Some put plastic sheeting over the whole floor because if a Passover fork happens to drop on the floor, it is no longer possible to use it. There are also households where all the eggs are washed before Passover and households where all the drinking water is boiled or else the faucet is covered with a cloth because even in the pipes a grain of wheat might be hiding.
There are families that use boiled sugar water during Passover lest crumbs have crept into the sugar. And this is not enough: They also filter the sugar syrup through a diaper.

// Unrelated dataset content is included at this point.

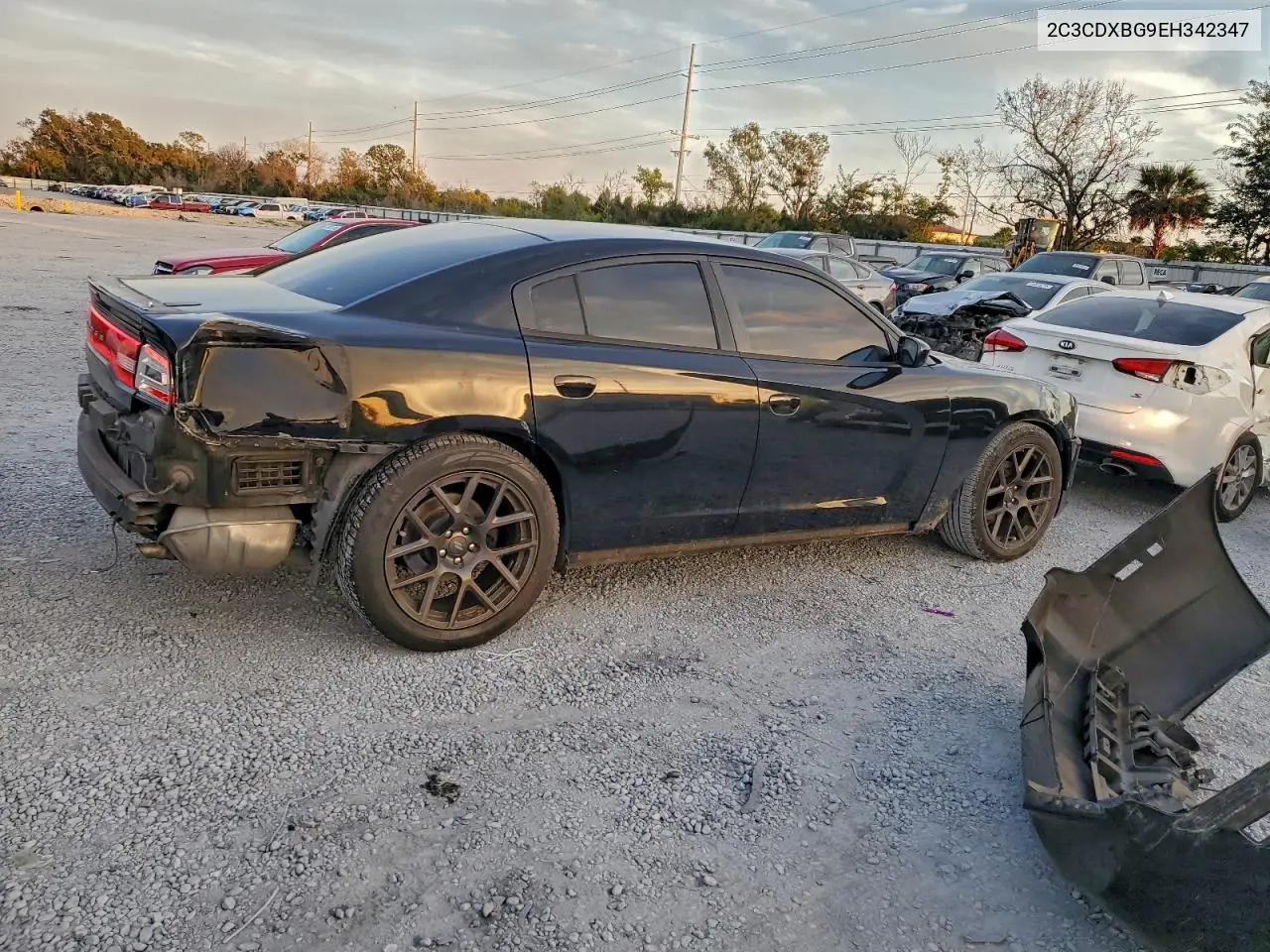 2C3CDXBG9EH342347 2014 Dodge Charger Se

"There is no end to it," she says. "For two weeks in ultra-Orthodox homes there are no toys, because it's already kosher for Passover. They go crazy and cause traumas for the children. Don't walk there, don't eat here. Hametz! They eat in a small corridor, on a rickety table, because the table is already kosher for Passover. What's the logic? Is it permissible to yell at the children, not to smile at the children? Is it permissible to kill yourself and on seder night to cry because you are so tired? This is absurd."
Horowitz is also critical of the use of the most caustic cleaning products, which are harmful to health. "There are people who don't touch the oven all year long. Along comes Passover and they spray the oven with a caustic substance that eats the grease but it also enters the lungs," she says.
If not openly, at least in the ultra-Orthodox Internet forums, people complain about this. This week someone complained specifically about a certain cleanser the ultra-Orthodox use a lot. "Eeeeenough, I'm fed up, I'm simply fed up, I can't stand it any longer. The whole house smells of this sharp odor. I breathe it and I eat it and my head is spinning ... I tried to hide the poison but the wife bought three for the price of two. I am waiting for the festival of freedom - the holiday that will free me from this cursed product" (which he mentioned by name ).
'Hallo!" replied a woman. 'Stop denouncing! This product is responsible for millions of clean and kosher for Passover homes and saves a lot of rubbing and scrubbing energy."